It’s hard to single out anyone, or even a team that works together. The problem I see is a broad attitude that is fairly consistent across the whole community.
Stop advocating Linux if you refuse to deliver what users want and need. If your whole effort in Open Source development is simply to advance the technology, then there’s not much I can say. But for those of you who claim you want Linux to be competitive, and to eclipse the commercial software vendors to become the operating system of choice, stop kidding yourselves. You may think you want to take over the software world, but you are blind and stupid about how to do it.
For at least the past few years, Linux has been in the position to overwhelm the likes of Windows and even Mac, but developers and packagers keep shooting themselves in the foot. Every time there’s a choice between fixing bugs and adding features, you always go for the latter and introduce new bugs. Even when you know how to fix your product and it’s not that hard, you still don’t release a changed package. I run into this all the time, where the package tracker shows a problem that is easily solved, but the attitude is “won’t fix” for reasons seldom clearly stated. Thousands of users are left in the lurch.
(I can say this because I’ve rebuilt those packages myself using well known patches and they worked fine. I’m not a coder, just someone who knows a little about patching and building.)
You folks are so deeply focused on the technology that you have no sense of scale in terms of users. Nobody thinks about the users. I know for a fact that a large segment of the developer population actively despises average users. It’s that technology elitism thing that never goes away. And whoever organizes these developers, you are no better. It’s precious rare a project shows an interest in the human side of things. Hint: Without mass appeal, your software will always be a private hobby that nobody cares about.
In case you don’t get it: Ignoring users is a sin. It’s morally evil. This is written into the code of the universe, as it were. You cannot hope to win and become the PC OS of choice until you care about the users. That’s immutable.
Over the past couple of days I took the time to test a few distros that weren’t foreign to my habits. Q4OS? Great idea, but it’s not ready for prime time. It couldn’t come up with a workable GUI on a standard Dell laptop. Sure, I know how to walk through the procedure for fixing this, but no one in 2017 should have to use the commandline to fix something like that. We got past that crap fifteen years ago. Yes, the people at Q4OS do know what’s wrong, but they haven’t bothered to fix their ISO.

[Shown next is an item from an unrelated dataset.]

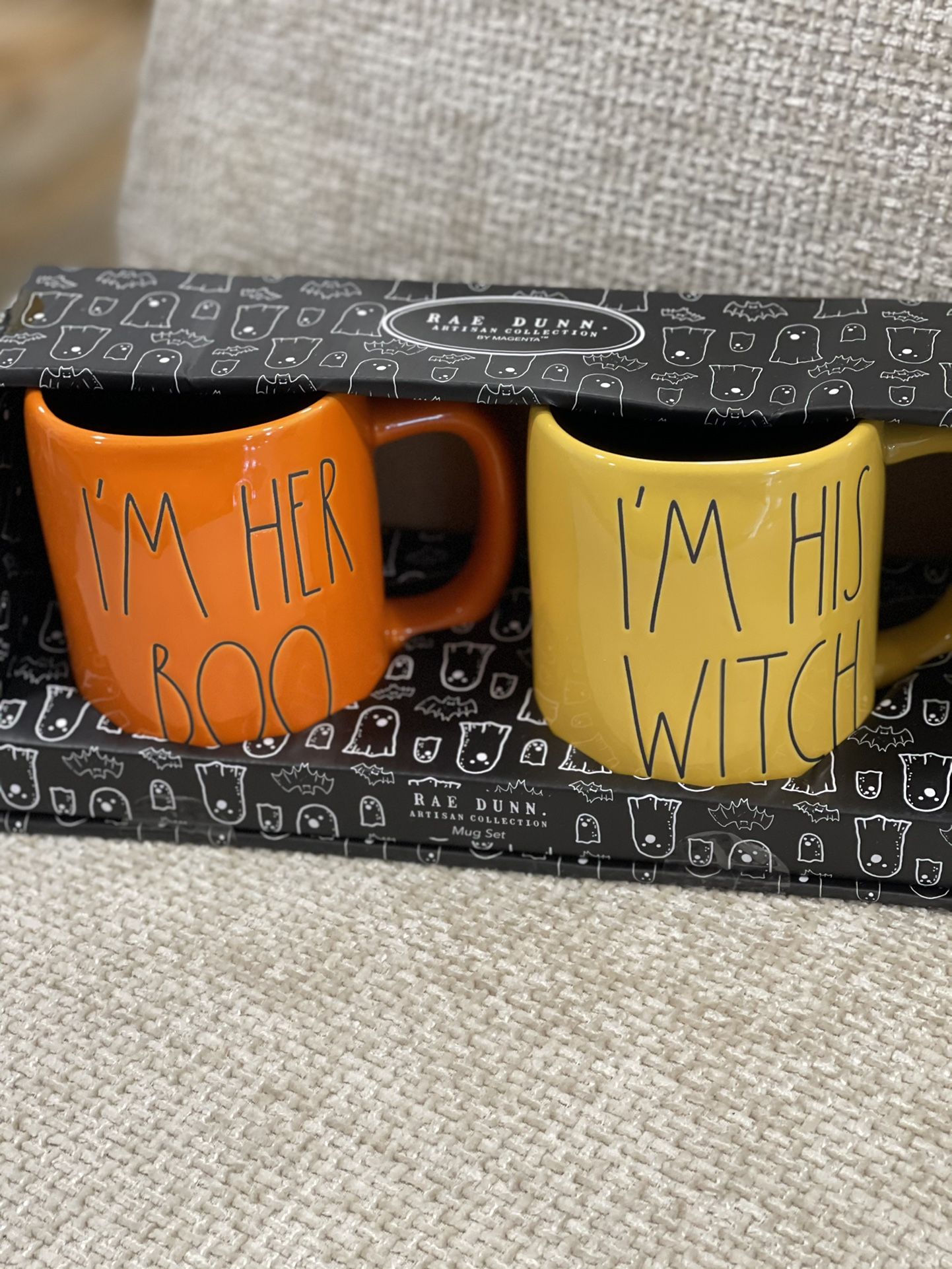 Rae Dunn I'm her Boo & I'am his witch mugs set of 2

I still think the Trinity Desktop is one of the smartest ideas out there; my user testing shows that Windows refugees love it best of all, but it’s short on resources and developers. So the Trinity Ubuntu release sucks and refuses to install.
Even CentOS 7 refused to complete the installation on that same machine; it hung on the post install tasks. And Debian vanilla pays very little heed to the desktop users’ needs; it’s all about the server stuff. I had to manually install the touchpad driver afterwards, and then make all of my configuration via a very long list of synclient switches. The defaults suck. No GUI touchpad config on XFCE? How come Ubuntu and friends can make it work so nicely using your same code base? You can’t backport their tweaks?
Yes, they do know about these problems. No, they have no plans to fix them. They are too busy chasing some other internal priorities, but users don’t matter. Why does Mint stay at the top of the Distrowatch chart so long? Because they do pay attention to making the clueless user feel welcome. There is precious little you have to fix on Mint. The only drawback is the weird attitude about holding back upstream kernel security fixes from their users. If you ignore their advice and take the kernel update, it will sometimes break something because they refuse to make the updates work with their distro tweaks. Mint isn’t the best, it just sucks less than everything else.
I long ago despaired of the Linux community ever understanding the concept of “customer service.” Until they get it, Linux will always remain as a tiny minority of desktop PC OSes. There will never be a year of the Linux Desktop.
If I may chime in as a pro here…
The biggest challenge that doesn’t seem to be addressed on the Linux side is the user experience. Developers don’t do user experience, even though some of them can; it’s a discipline, sure, but takes planning and time to do all of that, and developers are loath to work on anything about their product that’s not coding. So usability is not a concern. Paradoxically, corporations tend to be on the front lines of UX research, because they have the resources and competitive advantage of knowing their customers extremely well. Smaller, tech-heavy shops might not enjoy that advantage.
Quite so. But when people develop these projects, it seldom occurs to them to include someone whose mission is not code, but user experience. Oddly, the Trinity Desktop has plenty of user experience focus and not enough developers.